Okay, I’ve wanted to post more about this book for a long time and to recount some of the history lessons I’ve learned from it, but I’ve just been so busy lately! So what better way to talk about the history behind my inspiration for Somebody to Love than to do a book report on Strangers. And yes, you’ll notice it’s book #5, even though I’m currently reading book #23 of 2014 right now. I started this way back in January and only recently had time to finish it.
The thing that struck me the most about Strangers is how different the landscape looked to 19th century gays and lesbians than we would think that it looked. Judging by today’s standards, I’m sure the first reaction one might have is to assume that life was haunted, fragile, and tense for 19th century homosexuals and that they were badly persecuted. Ah, but the very first lesson people should learn about history of any kind is that you can never view it with the standards and commonalities of modern life.
In today’s world, homosexuality is a hot topic. No matter which side of the debate you fall on, everyone knows what it is and has an opinion about it. It’s in the news, in pop culture, and a solid part of life in 2014. Not so in the 19th century! In fact, there was a great deal of ambiguity in the minds of your average 18th and 19th century person as to how to define someone who was outside of the norm. The 19th century was all about classifying and naming things scientifically, and it wasn’t really until this time that homosexuality was even defined. In fact, the term “homosexual” was coined in 1868.

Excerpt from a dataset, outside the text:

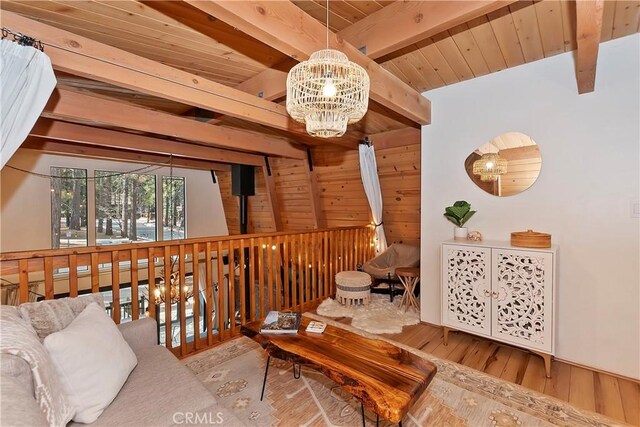 sitting room with light wood-style floors, wood ceiling, wood walls, a chandelier, and beamed ceiling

Think about that for a second. 1868. There were other words in use in various languages to describe men who had a passion for other men—Uranian, invert, sodomite (which was a pejorative, whereas the other two were merely descriptive)—but the label came much later. Sure, sodomy was considered a crime, and (if I’m remembering this correctly) from The Buggery Act of 1533 until the first half of the 19th century it was a crime punishable by death, but that was the act, not the state of being homosexual.
Robb does an incredible job of piecing together the story of a state of being that was barely classified and certainly never spoken of openly through what historians call primary source material. He studied diaries, letters, journals, and other private communications to piece together the lives of men and women who didn’t fit into the traditional 19th century definition of masculine and feminine. It’s fascinating stuff! Even he admits that it’s incredibly difficult to state anything definitively, because the record of all of these lives isn’t necessarily there.
What was there, once you dig beneath the surface of genuine lack of knowledge on the part of most people and angst on the part of the men and women who knew they were different, was a rich tapestry of relationships existing without the umbrella of a label. There are cases that were hugely public, like Oscar Wilde, Walt Whitman, and James Pratt and John Smith (the last two men hung for sodomy in England in 1835), but far, far more common were men and women living their unusual lives under the hush of obscurity and the fear of being caught out.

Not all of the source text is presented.